**EXERCISE PROMPT**
Write out the lines of the material below exactly, beginning at the line with "5 Pack 10''" and stopping after the line with "网红在今日凌晨遭遇秘闻引发众怒，蘑菇影视在线观看全网炸锅，详情深扒", and leave out the pictures.

**DATASET EXCERPTS**

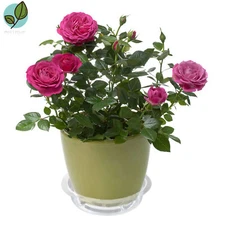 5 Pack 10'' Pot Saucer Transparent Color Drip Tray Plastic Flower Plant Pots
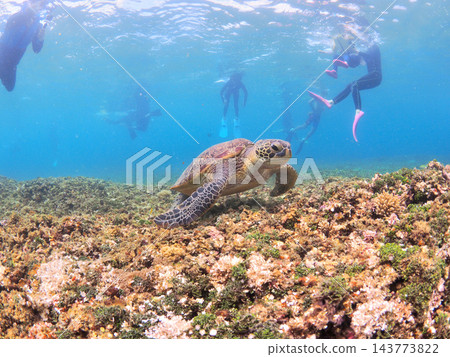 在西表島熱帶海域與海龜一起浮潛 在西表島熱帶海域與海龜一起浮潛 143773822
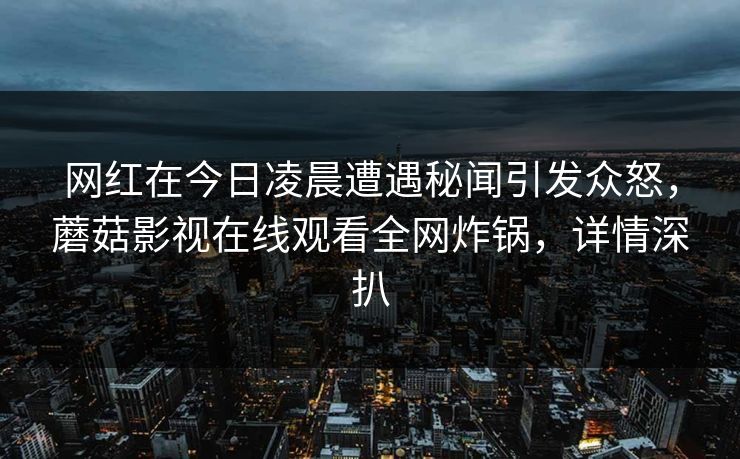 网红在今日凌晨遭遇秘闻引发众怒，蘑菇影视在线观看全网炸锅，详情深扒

--

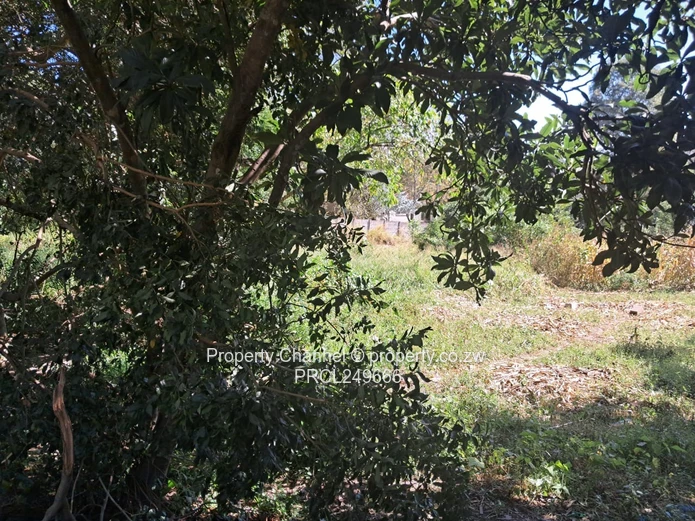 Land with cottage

**RESPONSE TO THE EXERCISE**
 5 Pack 10'' Pot Saucer Transparent Color Drip Tray Plastic Flower Plant Pots
 在西表島熱帶海域與海龜一起浮潛 在西表島熱帶海域與海龜一起浮潛 143773822
 网红在今日凌晨遭遇秘闻引发众怒，蘑菇影视在线观看全网炸锅，详情深扒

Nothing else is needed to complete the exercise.